### Exercise:
Beginning with the line containing "Lot 214 Birkdale Street, Normanville SA 5204" and going on through the line containing "Original Imperium Palier", the lines below are to be returned exactly, pictures excluded and nothing added.

※

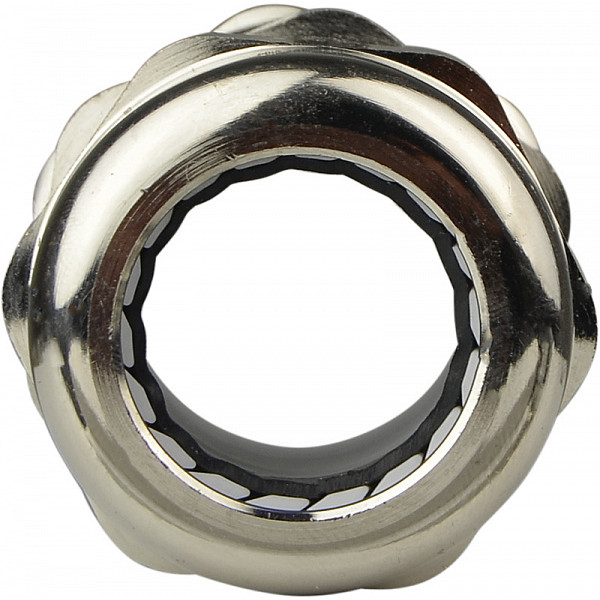 Сальник Аско-Укрем PGM36 (A0150050042) - фото №2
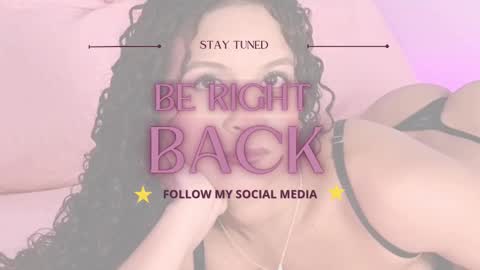 Jessica online show from September 26, 6:16 pm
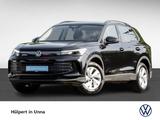 Volkswagen Tiguan 1.5 eTSI NEUES MODELL AHK CAM NAVI SITZHZ - Volkswagen Tiguan: Modell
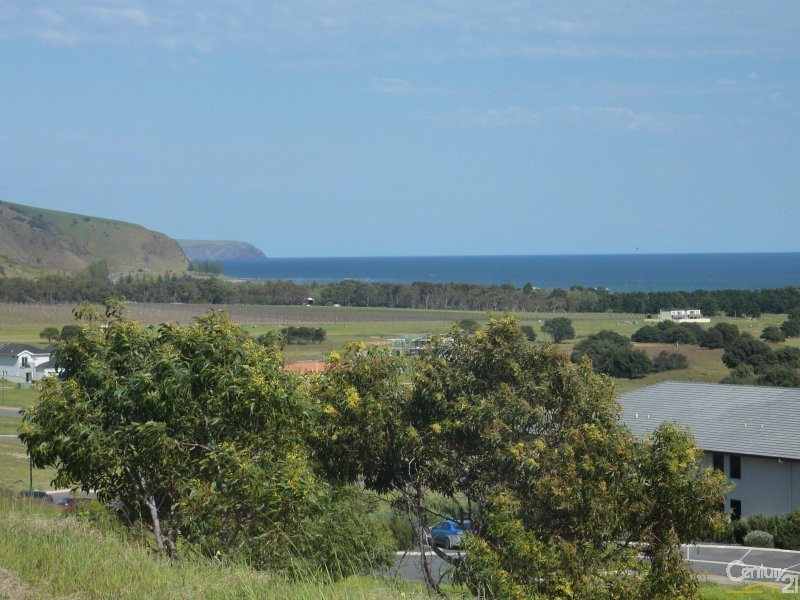 Lot 214 Birkdale Street, Normanville SA 5204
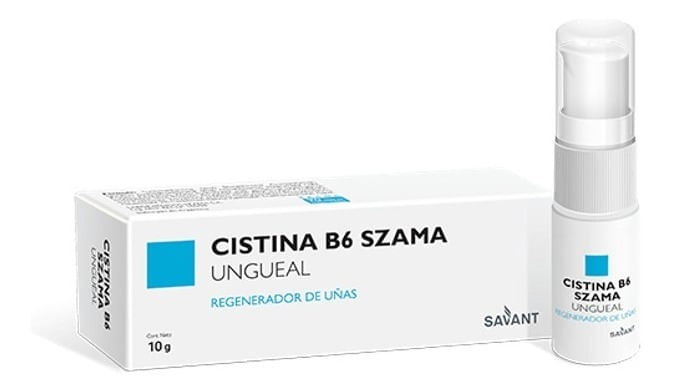 Cistina-B6-Regenerador-De-Uñas-Resistencia-Flexibilidad-10g-en-Pedidosfarma
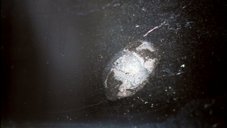 A random Millennium image from the third season episode Nostalgia.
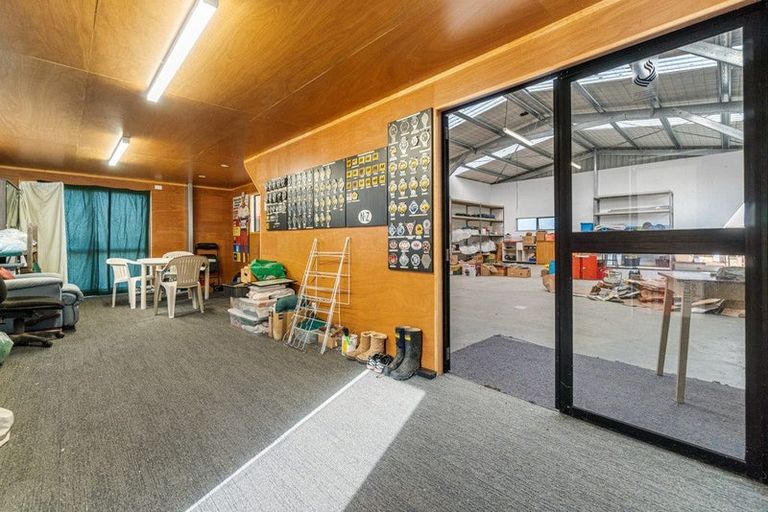 Photo of property in 30 Moorfield Road, Te Kauwhata, 3782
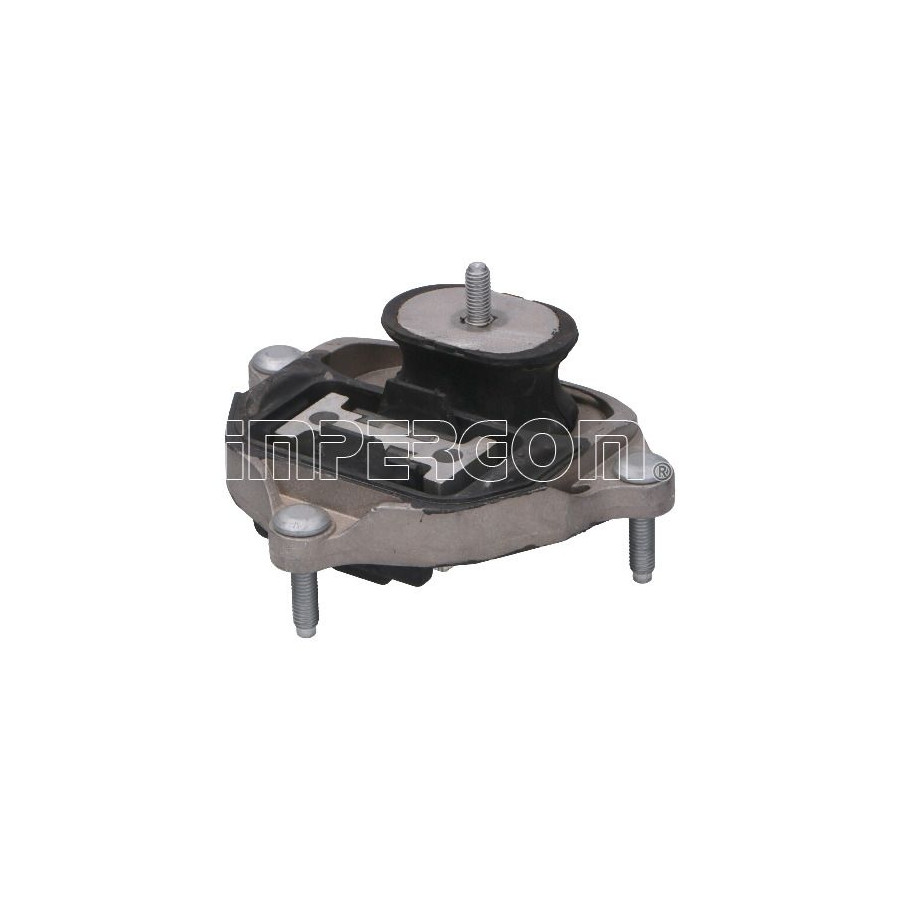 Original Imperium Palier Support Corps De Pont/Moteur 37370 Audi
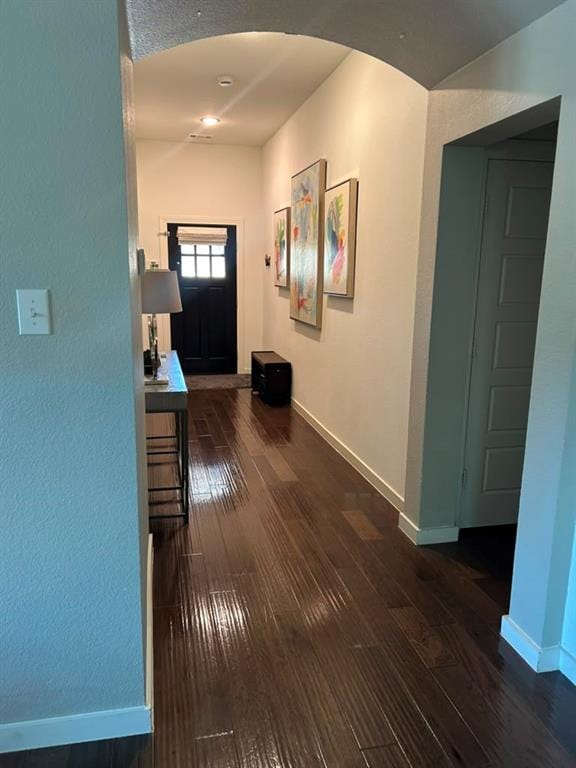 1021 Acacia Drive, Anna TX 75409 - Photo 33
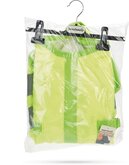 Beeztees Teddie - Hondenjas - Reflecterend - Geel - 60 cm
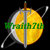 Wraith7th thumbnail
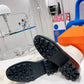Luxury Shoes - HMS - 656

※

### Exercise solution:
 Lot 214 Birkdale Street, Normanville SA 5204
 Cistina-B6-Regenerador-De-Uñas-Resistencia-Flexibilidad-10g-en-Pedidosfarma
 A random Millennium image from the third season episode Nostalgia.
 Photo of property in 30 Moorfield Road, Te Kauwhata, 3782
 Original Imperium Palier Support Corps De Pont/Moteur 37370 Audi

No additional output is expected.